**What this task involves:** Copy each record exactly as it reads, leaving out any pictures it holds.

**Data in this exercise:**
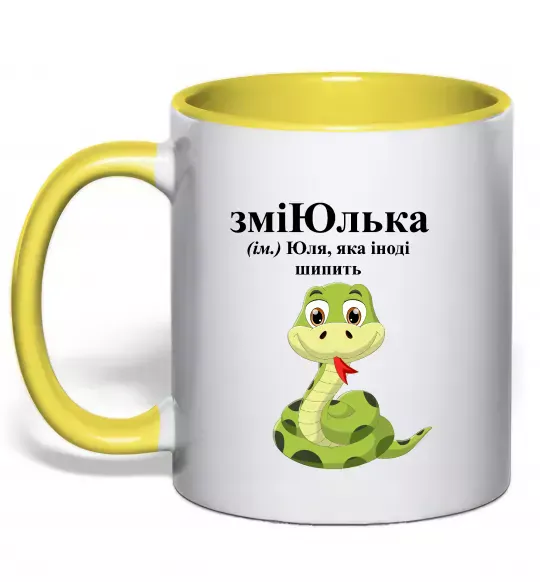 Чашка с цветной ручкой ЗміЮлька Солнечно желтый фото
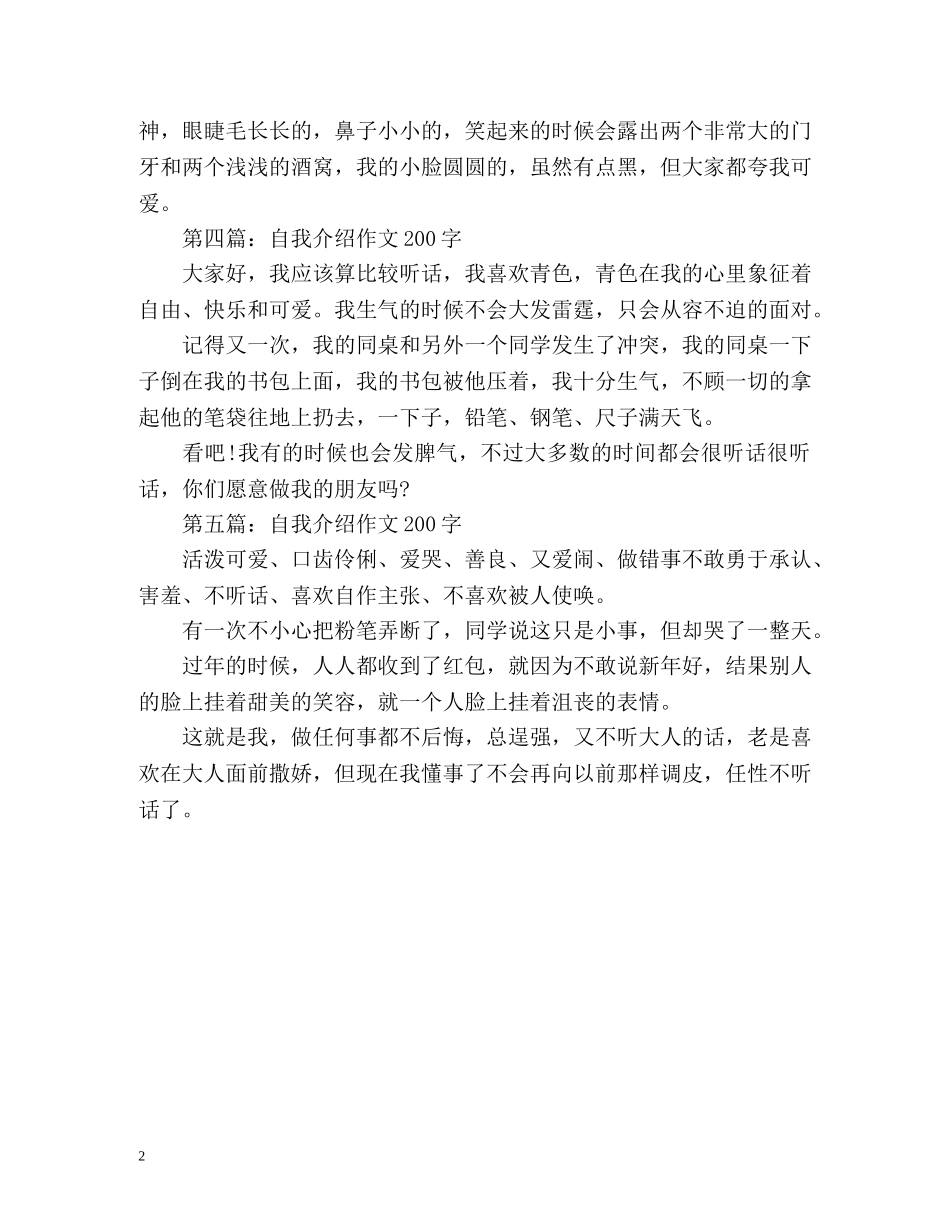 200字自我介绍作文 _第2页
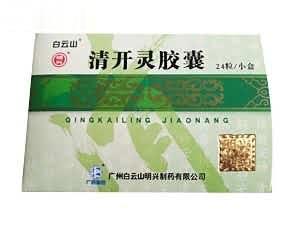 清开灵胶囊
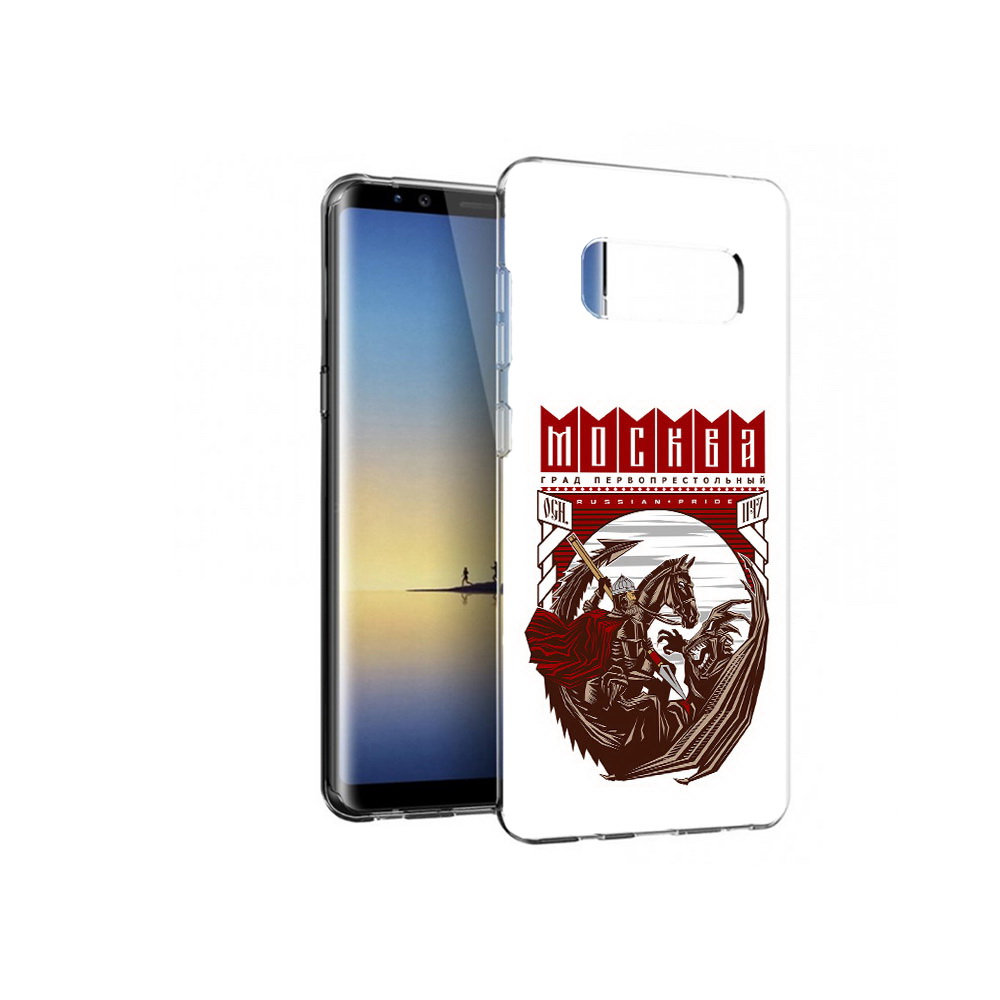 Чехол MyPads Tocco для Samsung Galaxy Note 8 Москва Россия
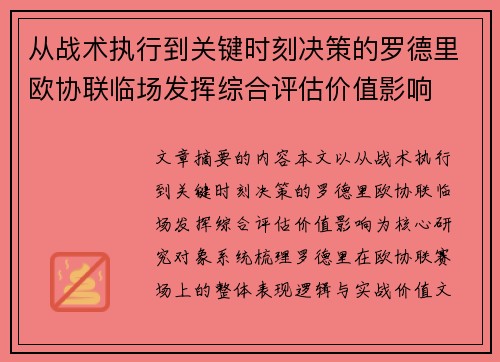 从战术执行到关键时刻决策的罗德里欧协联临场发挥综合评估价值影响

**Answer section:**
 Чашка с цветной ручкой ЗміЮлька Солнечно желтый фото
 200字自我介绍作文 _第2页
 清开灵胶囊
 Чехол MyPads Tocco для Samsung Galaxy Note 8 Москва Россия
 从战术执行到关键时刻决策的罗德里欧协联临场发挥综合评估价值影响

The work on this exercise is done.